How to Learn A Foreign Language
Here you find some useful concepts and practical tips if you want to (or are in the process of) learning a foreign language.
First let me briefly explain where my qualifications for this particular article come from. Way back when I went to school, I was terrible with languages. I went to a school in Germany where English was a compulsory subject, and as a second language one could either choose Latin or French. And I was absolutely useless! In fact, I had to repeat two grades because of my miserable grades in English and Latin. I threw in the towel when I was just about to repeat another grade and run the danger of ending up in the same class with kids that were three years younger than I.
Now, at the age of 50, I speak a total of three languages fluently. In fact, it went almost up to four, but the first foreign language I learned to speak was Greek, and that I don’t speak right now, since it was at the beginning of the eighties that I spent a couple of years in Greece. If I would go back now it would take me probably three month to speak it again, since you never forget a language. They get stored away when not used continuously, and it’s like a file that has been hidden away somewhere on your computer.
I started developing myself as a language teacher in 1989 in Mexico-City, and that’s what I’ve been doing ever since. I work freelance, because that’s where I’m best. I don’t approve of most language teaching methods as applied by modern language schools, and it will become more transparent why in the course of this article.
Image via Wikipedia
We don’t think in words, but in images or concepts. A toddler who gets too close to the kitchen stove and touches it will experience immediately the meaning of what is called in English ‘hot’. It’s through his physical pain that he learns that particular reality. And the concept of ‘heat’ has been literally burned into his mind.

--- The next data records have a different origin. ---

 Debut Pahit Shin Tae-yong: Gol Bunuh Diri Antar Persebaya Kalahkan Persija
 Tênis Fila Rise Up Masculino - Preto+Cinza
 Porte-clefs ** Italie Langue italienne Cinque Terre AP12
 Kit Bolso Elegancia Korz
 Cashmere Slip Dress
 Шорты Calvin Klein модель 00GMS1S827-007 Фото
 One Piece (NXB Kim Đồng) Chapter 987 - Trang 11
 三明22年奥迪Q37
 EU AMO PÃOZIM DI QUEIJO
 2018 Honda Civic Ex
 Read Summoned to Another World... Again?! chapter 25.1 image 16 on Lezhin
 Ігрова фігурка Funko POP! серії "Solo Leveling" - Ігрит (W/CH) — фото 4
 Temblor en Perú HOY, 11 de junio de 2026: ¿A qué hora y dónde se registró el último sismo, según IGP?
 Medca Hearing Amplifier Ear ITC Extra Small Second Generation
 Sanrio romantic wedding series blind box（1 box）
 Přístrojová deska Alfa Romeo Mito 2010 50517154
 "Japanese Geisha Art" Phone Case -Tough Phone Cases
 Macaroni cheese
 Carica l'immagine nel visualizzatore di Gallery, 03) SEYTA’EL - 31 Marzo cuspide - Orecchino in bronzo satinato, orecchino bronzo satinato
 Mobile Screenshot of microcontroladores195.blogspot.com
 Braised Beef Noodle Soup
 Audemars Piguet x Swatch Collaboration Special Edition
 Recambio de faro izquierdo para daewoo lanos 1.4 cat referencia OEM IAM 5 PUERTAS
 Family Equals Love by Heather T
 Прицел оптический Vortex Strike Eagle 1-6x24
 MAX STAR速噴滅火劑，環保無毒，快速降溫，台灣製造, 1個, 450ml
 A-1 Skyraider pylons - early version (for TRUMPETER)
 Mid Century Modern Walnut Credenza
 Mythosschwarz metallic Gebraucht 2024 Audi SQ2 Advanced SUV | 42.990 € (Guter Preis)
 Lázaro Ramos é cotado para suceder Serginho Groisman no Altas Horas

A totally different, and at least in this context, secondary issue is his mother’s reaction to the approaching toddler. She cries out in panic ‘ Be careful, it’s hot!’ For the toddler the word ‘hot’ is nothing more than a sound that comes out of his mother’s mouth. Mind you, it’s not a word for him yet, he doesn’t understand at this stage what a word is. And it’s this sound that he will henceforth associate with the physical pain he experienced. He knows what ‘hot’ means!